Kamis, 25 Juli 2013

BamSoet: Rusuh LP, dari Kerobokan ke Tanjung Gusta

Rusuh LP, dari Kerobokan ke Tanjung Gusta

Bambang Soesatyo
Anggota Komisi III DPR RI/
Presidium Nasional KAHMI

Rusuh di Lembaga Pemasyarakatan (LP) Tanjung Gusta,  Medan, Sumatera Utara, akan menginspirasi warga binaan di LP lain. Kemungkinan ini  perlu diwaspadai Kementerian Hukum dan HAM. Maka, pembenahan manajemen LP harus diprioritaskan, sementara PP No.99/2012 tak layak dipertahankan.

Kalau Pemerintah benar-benar mau belajar dari rusuh di LP Kerobokan, Denpasar, Bali, narapidana (Napi) LP Tanjung Gusta mungkin tidak akan pernah berontak atau membuat rusuh. Sayang, pemberontakan Napi Kerobokan tahun lalu itu rupanya dimaknai Kementerian Hukum dan HAM (Kemenkumham) sebagai peristiwa biasa-biasa saja yang tak bermakna sama sekali. Buktinya, tidak ada aksi terencana untuk membenahi kebobrokan manajemen LP.

Semula, publik berasumsi bahwa inspeksi mendadak (sidak) yang begitu sering dilakukan Wakil Menteri Hukum dan HAM Denny Indrayana ke sejumlah LP di berbagai daerah merupakan langkah awal dan bagian dari program pembenahan manajemen LP. Ternyata, publik keliru. Dalam Sidak-nya, Denny lebih menyoroti perlakuan manajemen LP terhadap Napi kasus korupsi dan kasus narkoba. Dia menutup mata atas kebobrokan LP yang begitu sering dikecam publik.

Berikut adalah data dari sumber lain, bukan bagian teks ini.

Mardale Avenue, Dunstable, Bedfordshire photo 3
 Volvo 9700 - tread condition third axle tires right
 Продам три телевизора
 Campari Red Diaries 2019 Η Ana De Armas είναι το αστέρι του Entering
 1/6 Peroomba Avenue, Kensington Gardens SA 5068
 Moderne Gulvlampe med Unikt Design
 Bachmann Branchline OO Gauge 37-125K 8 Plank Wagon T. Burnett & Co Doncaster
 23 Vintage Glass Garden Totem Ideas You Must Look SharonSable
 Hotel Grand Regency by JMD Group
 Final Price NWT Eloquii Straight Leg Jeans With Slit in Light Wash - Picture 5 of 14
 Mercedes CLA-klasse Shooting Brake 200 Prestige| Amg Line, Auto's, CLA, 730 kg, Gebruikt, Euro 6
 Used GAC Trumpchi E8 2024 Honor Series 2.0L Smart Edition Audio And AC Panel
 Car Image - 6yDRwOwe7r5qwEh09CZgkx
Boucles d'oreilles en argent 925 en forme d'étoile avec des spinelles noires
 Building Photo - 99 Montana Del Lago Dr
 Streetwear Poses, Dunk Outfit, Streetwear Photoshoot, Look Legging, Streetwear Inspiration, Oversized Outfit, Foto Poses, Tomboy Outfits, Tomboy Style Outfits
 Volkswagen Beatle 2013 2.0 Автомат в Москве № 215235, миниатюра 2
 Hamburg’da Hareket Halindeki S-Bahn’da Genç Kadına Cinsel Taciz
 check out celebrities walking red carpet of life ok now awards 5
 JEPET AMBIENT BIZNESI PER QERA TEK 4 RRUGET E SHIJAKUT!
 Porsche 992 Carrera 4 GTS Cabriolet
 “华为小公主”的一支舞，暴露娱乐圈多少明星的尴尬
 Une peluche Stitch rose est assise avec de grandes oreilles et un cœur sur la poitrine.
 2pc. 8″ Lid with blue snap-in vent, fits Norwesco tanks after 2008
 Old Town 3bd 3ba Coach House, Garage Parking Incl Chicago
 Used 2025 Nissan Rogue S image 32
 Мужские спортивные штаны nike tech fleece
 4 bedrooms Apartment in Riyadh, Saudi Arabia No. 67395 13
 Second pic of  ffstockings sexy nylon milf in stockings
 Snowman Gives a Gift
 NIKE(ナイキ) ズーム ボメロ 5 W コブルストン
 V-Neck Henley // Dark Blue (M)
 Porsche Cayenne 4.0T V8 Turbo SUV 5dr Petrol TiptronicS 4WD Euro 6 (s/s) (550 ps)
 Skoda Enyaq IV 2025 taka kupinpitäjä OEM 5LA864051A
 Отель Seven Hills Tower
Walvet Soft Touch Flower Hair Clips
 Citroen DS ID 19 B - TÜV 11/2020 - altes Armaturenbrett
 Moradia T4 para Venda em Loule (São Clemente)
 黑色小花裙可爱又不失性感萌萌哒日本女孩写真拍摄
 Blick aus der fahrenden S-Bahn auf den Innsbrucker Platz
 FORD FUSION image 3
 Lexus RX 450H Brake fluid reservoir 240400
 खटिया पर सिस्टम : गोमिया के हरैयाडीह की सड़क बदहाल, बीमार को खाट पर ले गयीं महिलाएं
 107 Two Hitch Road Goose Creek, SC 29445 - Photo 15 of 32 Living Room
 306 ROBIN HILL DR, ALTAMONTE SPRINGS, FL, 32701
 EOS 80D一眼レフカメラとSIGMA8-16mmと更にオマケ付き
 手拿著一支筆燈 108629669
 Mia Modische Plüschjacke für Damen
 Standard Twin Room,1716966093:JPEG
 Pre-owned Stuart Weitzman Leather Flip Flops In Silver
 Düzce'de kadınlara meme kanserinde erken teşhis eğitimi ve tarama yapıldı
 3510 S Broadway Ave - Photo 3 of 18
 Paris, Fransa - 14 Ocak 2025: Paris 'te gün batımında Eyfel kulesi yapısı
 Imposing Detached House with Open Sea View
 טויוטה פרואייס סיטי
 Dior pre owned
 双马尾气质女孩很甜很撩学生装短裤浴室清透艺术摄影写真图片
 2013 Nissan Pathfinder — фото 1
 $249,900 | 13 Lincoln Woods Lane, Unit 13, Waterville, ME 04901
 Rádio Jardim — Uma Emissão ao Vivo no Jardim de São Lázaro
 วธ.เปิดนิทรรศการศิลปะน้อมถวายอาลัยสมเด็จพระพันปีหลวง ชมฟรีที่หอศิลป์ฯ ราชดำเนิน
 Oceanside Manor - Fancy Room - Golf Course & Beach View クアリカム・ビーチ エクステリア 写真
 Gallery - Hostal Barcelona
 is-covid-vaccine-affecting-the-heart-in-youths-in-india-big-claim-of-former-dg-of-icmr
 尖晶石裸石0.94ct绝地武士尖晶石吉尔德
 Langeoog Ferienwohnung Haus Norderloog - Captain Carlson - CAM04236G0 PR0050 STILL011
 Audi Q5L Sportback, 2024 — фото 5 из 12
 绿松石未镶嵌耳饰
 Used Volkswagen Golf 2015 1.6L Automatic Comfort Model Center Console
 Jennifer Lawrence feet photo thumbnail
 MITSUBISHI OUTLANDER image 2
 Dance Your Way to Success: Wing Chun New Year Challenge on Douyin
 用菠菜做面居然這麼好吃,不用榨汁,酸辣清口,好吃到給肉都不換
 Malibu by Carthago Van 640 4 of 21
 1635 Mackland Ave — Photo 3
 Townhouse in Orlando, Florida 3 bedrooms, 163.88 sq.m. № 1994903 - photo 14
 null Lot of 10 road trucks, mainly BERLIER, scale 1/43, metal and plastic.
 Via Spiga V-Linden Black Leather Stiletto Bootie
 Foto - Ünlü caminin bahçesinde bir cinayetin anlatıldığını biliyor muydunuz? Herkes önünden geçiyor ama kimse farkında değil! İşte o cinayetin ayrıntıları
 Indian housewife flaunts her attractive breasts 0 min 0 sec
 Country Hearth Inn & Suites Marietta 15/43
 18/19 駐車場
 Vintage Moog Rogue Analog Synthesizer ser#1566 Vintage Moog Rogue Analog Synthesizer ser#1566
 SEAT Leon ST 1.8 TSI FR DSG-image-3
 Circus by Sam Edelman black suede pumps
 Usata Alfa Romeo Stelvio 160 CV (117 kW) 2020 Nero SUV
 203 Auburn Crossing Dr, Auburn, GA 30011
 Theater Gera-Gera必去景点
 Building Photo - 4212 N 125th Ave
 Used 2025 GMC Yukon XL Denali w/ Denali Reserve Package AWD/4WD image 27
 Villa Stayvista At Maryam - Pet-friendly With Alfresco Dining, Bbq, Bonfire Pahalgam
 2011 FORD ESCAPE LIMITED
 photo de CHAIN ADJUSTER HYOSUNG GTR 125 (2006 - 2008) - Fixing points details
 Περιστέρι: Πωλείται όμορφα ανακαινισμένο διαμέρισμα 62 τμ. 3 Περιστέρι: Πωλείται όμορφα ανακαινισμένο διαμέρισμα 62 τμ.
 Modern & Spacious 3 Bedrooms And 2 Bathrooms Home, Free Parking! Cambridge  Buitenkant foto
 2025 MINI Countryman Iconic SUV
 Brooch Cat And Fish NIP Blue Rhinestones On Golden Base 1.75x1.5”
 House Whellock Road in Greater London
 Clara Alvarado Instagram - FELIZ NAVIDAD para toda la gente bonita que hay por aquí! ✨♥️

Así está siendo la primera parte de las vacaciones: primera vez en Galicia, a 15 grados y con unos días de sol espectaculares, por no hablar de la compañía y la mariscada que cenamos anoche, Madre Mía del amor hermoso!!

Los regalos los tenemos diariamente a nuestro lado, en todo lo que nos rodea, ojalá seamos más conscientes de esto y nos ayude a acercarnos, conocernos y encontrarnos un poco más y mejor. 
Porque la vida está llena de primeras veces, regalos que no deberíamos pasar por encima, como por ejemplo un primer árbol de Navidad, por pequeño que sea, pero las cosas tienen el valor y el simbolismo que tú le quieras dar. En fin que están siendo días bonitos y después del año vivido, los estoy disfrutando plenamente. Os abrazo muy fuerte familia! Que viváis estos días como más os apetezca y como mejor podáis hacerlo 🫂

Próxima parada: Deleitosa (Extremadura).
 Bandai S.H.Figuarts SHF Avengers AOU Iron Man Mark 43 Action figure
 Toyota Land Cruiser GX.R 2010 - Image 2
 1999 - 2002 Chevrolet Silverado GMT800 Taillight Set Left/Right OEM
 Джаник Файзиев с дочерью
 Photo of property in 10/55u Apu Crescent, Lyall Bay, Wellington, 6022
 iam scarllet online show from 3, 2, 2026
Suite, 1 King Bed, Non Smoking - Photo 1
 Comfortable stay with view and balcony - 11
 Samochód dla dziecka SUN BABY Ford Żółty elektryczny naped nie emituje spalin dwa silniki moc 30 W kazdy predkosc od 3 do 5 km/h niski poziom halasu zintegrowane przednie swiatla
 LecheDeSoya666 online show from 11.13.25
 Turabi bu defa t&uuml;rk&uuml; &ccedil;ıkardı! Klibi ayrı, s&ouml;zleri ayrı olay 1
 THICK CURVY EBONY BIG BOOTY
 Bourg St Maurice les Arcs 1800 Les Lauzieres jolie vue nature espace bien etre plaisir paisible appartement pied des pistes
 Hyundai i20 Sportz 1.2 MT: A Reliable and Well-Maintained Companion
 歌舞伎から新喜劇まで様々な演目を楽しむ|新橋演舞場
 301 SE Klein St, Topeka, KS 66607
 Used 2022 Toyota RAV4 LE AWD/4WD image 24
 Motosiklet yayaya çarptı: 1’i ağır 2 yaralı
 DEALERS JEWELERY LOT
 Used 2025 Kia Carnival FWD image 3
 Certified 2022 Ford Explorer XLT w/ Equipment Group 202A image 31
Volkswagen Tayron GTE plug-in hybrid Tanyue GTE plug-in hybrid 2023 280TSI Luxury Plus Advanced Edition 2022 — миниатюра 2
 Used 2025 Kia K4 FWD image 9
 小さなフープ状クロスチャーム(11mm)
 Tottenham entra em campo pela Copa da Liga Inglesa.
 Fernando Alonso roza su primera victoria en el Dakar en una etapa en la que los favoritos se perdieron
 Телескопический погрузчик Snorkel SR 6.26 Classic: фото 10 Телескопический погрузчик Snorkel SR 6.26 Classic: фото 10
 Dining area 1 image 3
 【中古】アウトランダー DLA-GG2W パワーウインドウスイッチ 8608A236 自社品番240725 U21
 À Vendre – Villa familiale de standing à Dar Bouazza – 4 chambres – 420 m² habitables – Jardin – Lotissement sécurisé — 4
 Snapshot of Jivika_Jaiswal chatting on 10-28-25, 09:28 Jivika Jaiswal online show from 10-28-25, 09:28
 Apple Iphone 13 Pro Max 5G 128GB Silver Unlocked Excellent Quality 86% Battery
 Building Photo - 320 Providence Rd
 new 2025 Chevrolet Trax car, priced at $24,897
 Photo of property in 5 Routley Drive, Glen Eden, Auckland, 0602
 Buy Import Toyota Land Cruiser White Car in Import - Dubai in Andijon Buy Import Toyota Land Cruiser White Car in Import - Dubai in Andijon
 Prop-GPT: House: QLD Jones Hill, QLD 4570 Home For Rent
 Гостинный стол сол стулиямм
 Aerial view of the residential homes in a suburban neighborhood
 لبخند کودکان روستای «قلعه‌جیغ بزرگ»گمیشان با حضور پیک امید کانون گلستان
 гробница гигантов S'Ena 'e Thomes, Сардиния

Padahal, kebobrokan manajemen LP sudah diakui Kemenkumham sendiri. Pasca rusuh di LP Kerobokan, Menteri Hukum dan HAM Amir Syamsuddin sempat menyatakan bahwa kondisi LP yang kelebihan kapasitas terjadi di mana-mana.

Kerusuhan di LP Kelas IIA Kerobokan terjadi pada Selasa malam, 21 Februari 2012. Bangunan kantor LP itu terbakar. Hampir semua  arsip hangus. Rusuh LP Kerobokan memang dipicu perkelahian antarwarga binaan. Tetapi, muara persoalannya adalah diskriminasi perlakuan terhadap Napi yang menimbulkan ketidaknyamanan. Diskriminasi dan ketidaknyamanan disebabkan oleh jumlah warga binaan yang mencapai tiga kali lipat dari kapasitas LP. Bayangkan, LP Kerobokan didesain untuk menampung 361 Napi. Saat kerusuhan terjadi, LP ini dihuni 1.238 warga binaan.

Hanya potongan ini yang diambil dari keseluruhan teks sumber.